Supplied material:
::::::::::
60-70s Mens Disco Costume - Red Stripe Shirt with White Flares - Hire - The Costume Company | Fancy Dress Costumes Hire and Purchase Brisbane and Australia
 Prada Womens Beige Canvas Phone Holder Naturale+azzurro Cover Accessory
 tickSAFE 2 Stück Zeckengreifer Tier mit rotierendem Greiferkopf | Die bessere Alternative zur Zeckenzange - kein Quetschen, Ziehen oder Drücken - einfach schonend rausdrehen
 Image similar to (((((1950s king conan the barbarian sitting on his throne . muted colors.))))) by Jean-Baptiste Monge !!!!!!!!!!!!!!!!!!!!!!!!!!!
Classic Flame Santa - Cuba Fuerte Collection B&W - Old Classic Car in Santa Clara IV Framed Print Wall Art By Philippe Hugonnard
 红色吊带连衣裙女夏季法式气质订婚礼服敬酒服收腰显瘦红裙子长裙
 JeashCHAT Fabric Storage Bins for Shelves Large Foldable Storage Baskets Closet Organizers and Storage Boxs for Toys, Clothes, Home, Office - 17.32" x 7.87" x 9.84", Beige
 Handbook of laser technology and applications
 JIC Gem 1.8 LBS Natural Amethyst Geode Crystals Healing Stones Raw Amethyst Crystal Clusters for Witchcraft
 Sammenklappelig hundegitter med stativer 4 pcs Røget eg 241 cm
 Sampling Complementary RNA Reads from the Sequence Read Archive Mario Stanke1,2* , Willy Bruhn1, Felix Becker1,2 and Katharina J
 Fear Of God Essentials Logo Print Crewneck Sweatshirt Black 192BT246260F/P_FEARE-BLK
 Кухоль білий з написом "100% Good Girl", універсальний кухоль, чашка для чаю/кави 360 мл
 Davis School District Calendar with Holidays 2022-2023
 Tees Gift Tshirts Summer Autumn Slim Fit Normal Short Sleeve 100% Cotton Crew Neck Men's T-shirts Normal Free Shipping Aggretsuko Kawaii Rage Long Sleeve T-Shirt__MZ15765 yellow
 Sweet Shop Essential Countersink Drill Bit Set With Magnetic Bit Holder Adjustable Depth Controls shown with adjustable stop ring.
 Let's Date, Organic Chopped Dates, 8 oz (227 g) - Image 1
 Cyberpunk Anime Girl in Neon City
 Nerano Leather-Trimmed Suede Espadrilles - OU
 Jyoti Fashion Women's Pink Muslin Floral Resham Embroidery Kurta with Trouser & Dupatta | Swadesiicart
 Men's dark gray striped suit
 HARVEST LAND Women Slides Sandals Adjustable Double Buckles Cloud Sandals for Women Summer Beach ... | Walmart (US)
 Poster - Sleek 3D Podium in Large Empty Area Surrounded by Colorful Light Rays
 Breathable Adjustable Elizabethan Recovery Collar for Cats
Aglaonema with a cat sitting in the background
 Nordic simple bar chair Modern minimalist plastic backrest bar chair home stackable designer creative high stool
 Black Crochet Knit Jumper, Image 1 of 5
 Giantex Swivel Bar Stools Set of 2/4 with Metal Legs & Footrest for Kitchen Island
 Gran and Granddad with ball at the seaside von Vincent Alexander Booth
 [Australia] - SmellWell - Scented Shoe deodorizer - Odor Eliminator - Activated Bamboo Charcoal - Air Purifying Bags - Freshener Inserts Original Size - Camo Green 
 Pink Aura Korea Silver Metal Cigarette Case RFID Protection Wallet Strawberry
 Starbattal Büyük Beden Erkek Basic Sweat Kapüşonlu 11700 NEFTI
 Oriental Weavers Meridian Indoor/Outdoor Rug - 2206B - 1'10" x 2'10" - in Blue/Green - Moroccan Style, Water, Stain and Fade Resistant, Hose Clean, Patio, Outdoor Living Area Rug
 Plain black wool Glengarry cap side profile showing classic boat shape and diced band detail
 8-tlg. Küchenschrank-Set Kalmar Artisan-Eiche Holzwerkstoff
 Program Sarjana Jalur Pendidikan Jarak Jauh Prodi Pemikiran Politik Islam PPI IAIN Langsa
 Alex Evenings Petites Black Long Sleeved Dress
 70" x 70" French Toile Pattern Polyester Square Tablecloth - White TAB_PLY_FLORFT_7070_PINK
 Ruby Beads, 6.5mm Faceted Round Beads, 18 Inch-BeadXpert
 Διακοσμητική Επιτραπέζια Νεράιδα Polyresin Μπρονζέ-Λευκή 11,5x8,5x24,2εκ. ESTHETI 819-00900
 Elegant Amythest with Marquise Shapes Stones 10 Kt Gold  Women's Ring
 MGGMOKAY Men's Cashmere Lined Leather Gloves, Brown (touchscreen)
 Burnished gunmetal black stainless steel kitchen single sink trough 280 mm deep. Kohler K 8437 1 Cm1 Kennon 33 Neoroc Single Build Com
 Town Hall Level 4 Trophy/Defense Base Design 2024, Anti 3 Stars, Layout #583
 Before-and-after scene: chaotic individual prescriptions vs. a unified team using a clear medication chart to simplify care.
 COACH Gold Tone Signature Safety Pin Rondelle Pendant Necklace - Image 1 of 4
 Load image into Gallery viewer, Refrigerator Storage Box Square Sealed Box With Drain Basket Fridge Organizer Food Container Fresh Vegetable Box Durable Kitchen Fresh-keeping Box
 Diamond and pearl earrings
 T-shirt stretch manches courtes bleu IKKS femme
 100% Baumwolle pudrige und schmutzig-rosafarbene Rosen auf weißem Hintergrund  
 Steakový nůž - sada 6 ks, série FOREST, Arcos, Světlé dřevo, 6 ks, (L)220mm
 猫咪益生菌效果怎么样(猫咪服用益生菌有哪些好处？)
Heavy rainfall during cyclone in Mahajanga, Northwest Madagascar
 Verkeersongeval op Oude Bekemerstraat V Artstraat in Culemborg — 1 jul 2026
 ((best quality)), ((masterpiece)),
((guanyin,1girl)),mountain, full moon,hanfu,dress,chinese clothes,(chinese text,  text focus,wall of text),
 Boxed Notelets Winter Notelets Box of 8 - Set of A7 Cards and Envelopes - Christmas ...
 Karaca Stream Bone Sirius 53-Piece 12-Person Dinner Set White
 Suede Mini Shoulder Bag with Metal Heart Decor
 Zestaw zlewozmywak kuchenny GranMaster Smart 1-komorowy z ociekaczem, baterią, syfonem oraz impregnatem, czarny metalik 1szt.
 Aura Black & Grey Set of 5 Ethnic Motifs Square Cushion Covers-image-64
::::::::::
Your task:
Start with the line above that contains "Plain black wool" and end with the line that contains "Program Sarjana Jalur". Write out those lines exactly, and only those.

Exercise output:
 Plain black wool Glengarry cap side profile showing classic boat shape and diced band detail
 8-tlg. Küchenschrank-Set Kalmar Artisan-Eiche Holzwerkstoff
 Program Sarjana Jalur Pendidikan Jarak Jauh Prodi Pemikiran Politik Islam PPI IAIN Langsa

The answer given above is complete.